» **DATASET EXTRACT**:
----------------------------------------

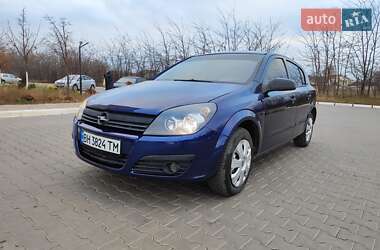 Хетчбек Opel Astra 2005 в Чорноморську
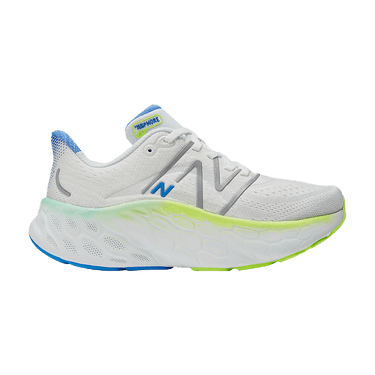 New Balance Wmns Fresh Foam X More v4 'White Cobalt'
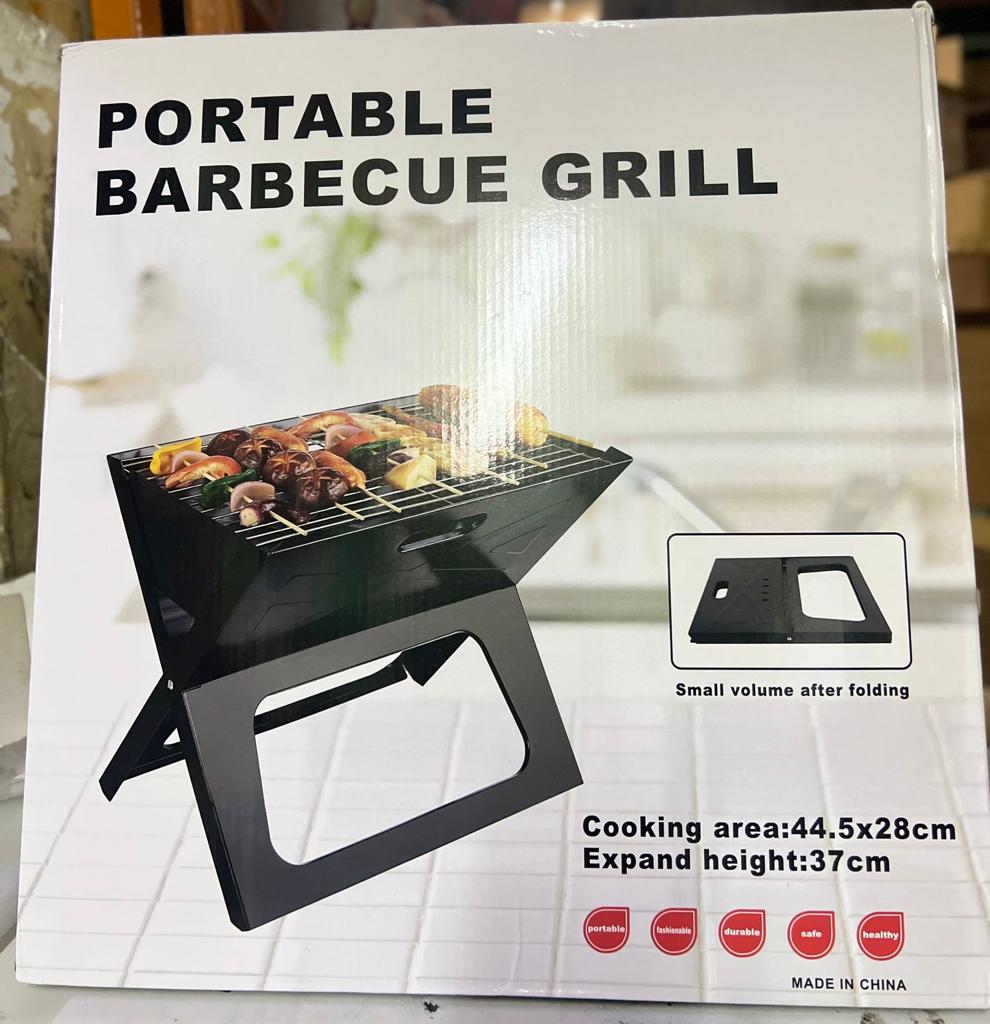 Gril Barbecue Charbon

----------------------------------------

» **INSTRUCTIONS TO FOLLOW**: Write out verbatim the lines from the one containing "New Balance Wmns" through the last line of the listing above, and no other lines; omit pictures.

» **OUTPUT**:
 New Balance Wmns Fresh Foam X More v4 'White Cobalt'
 Gril Barbecue Charbon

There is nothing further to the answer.